**SUPPLIED RECORDS:**

>>>

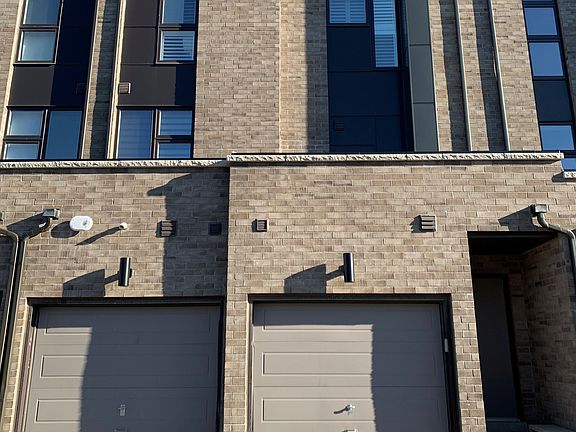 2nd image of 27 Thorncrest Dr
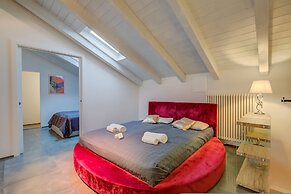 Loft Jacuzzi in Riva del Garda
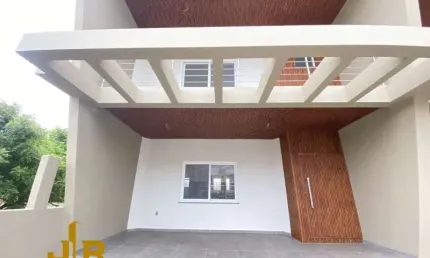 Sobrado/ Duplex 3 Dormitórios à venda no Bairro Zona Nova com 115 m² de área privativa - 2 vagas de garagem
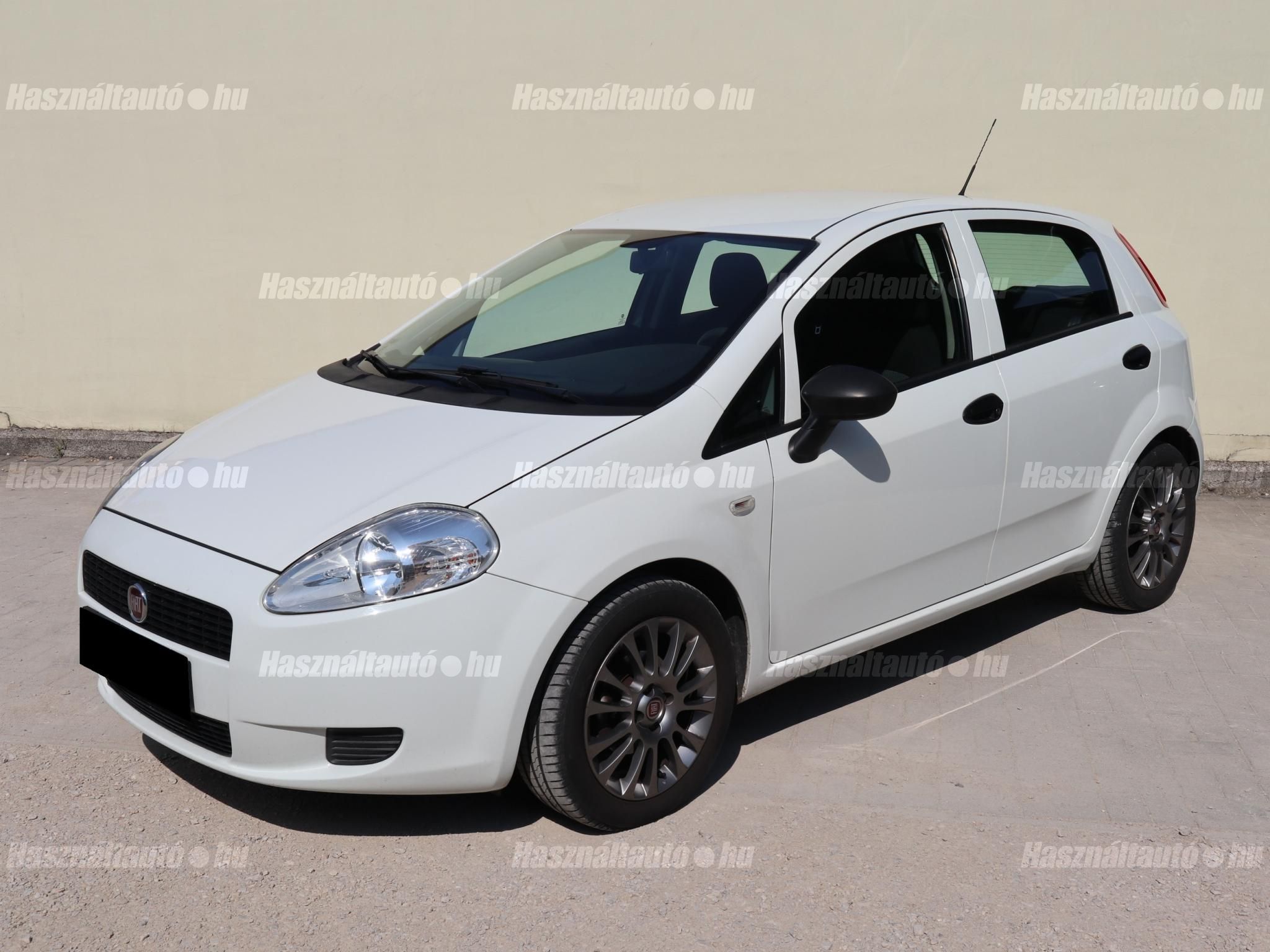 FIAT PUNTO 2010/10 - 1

<<<
>>>

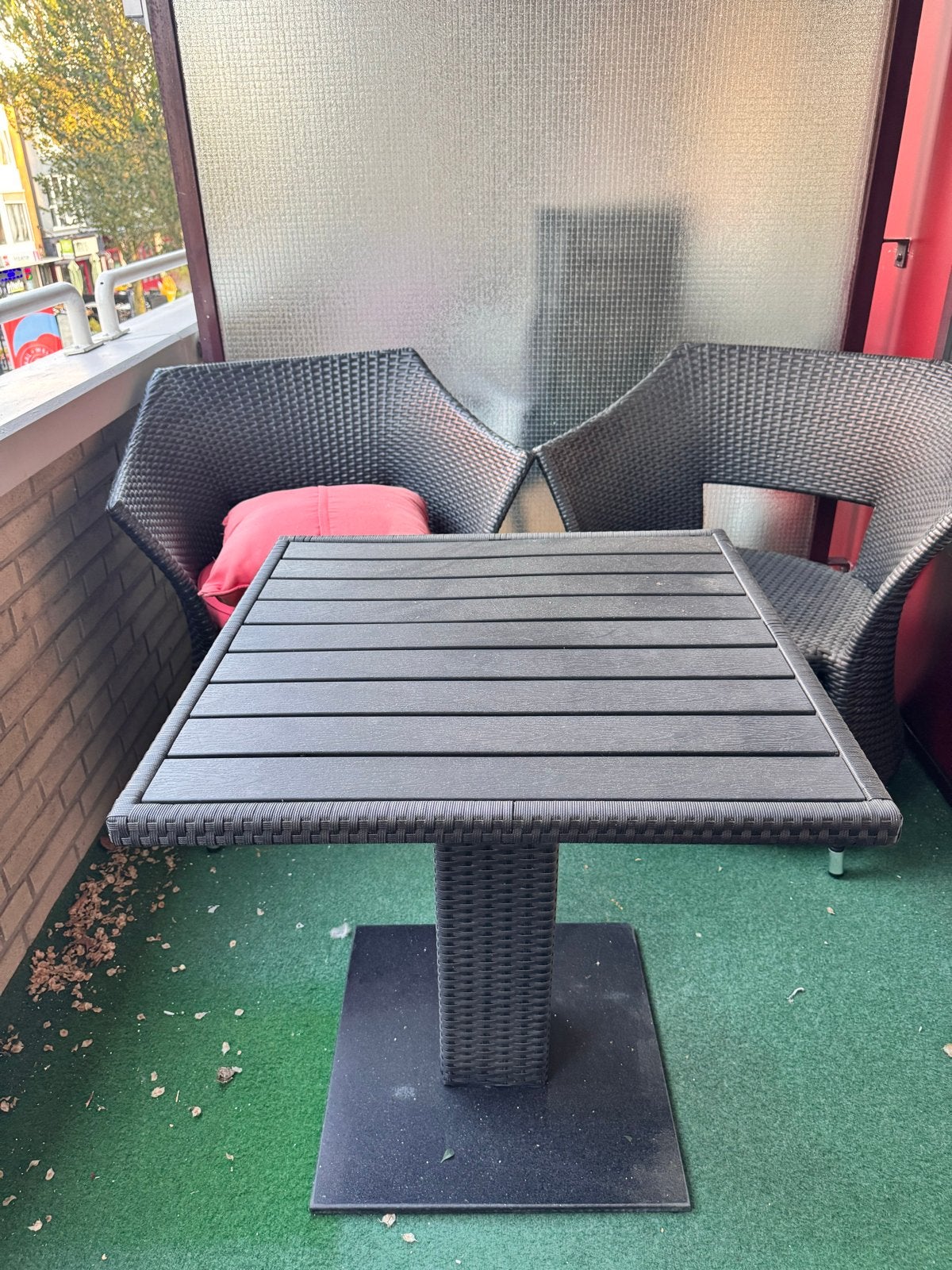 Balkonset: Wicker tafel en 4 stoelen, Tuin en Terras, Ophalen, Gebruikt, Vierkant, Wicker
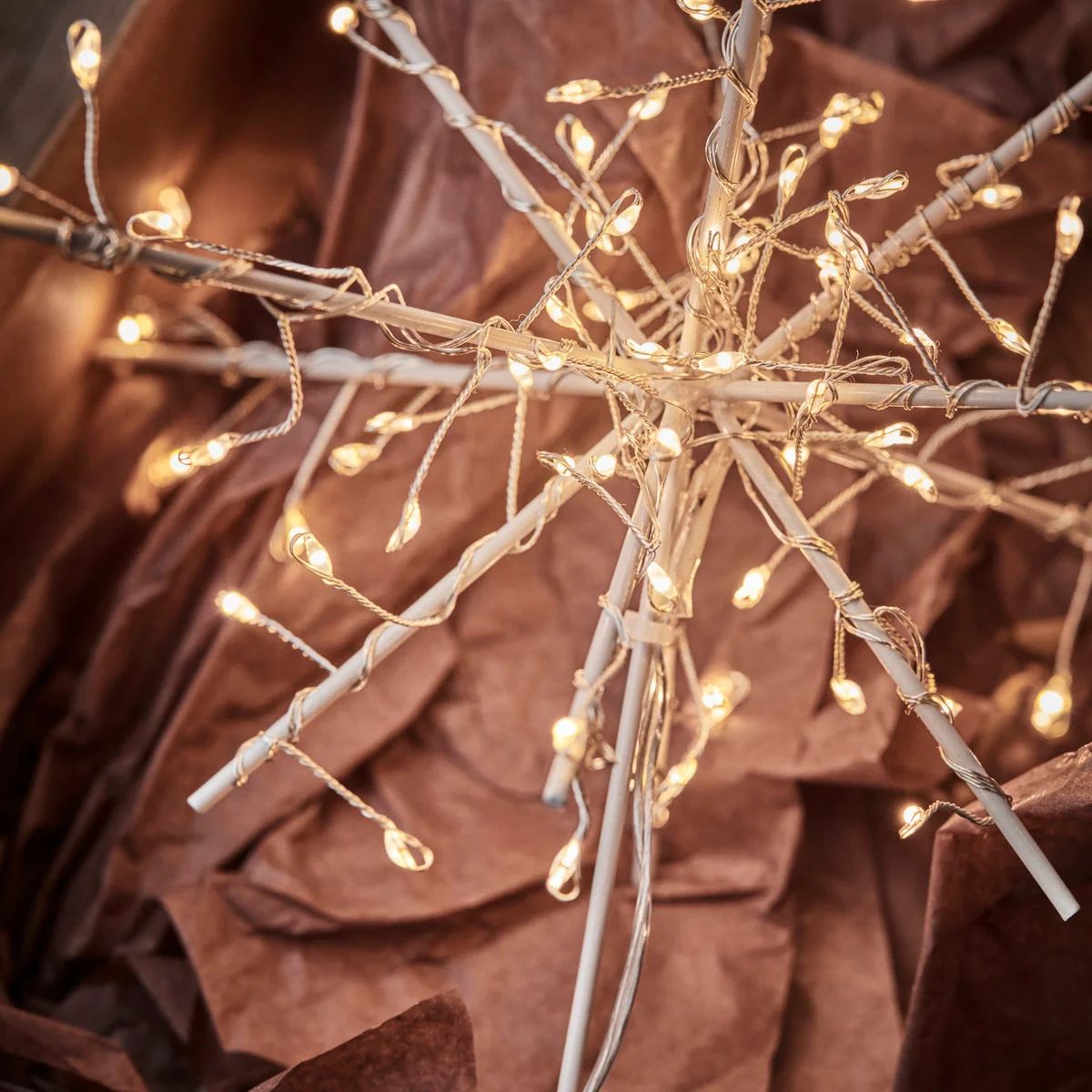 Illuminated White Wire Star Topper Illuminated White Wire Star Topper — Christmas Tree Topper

<<<

Given the records above, return the lines starting at the one that holds "2nd image of 27 Thorncrest Dr" and ending at the one that holds "FIAT PUNTO 2010/10 - 1", exactly, and nothing besides; leave every picture out.

**RESULT FOR THIS EXERCISE:**
 2nd image of 27 Thorncrest Dr
 Loft Jacuzzi in Riva del Garda
 Sobrado/ Duplex 3 Dormitórios à venda no Bairro Zona Nova com 115 m² de área privativa - 2 vagas de garagem
 FIAT PUNTO 2010/10 - 1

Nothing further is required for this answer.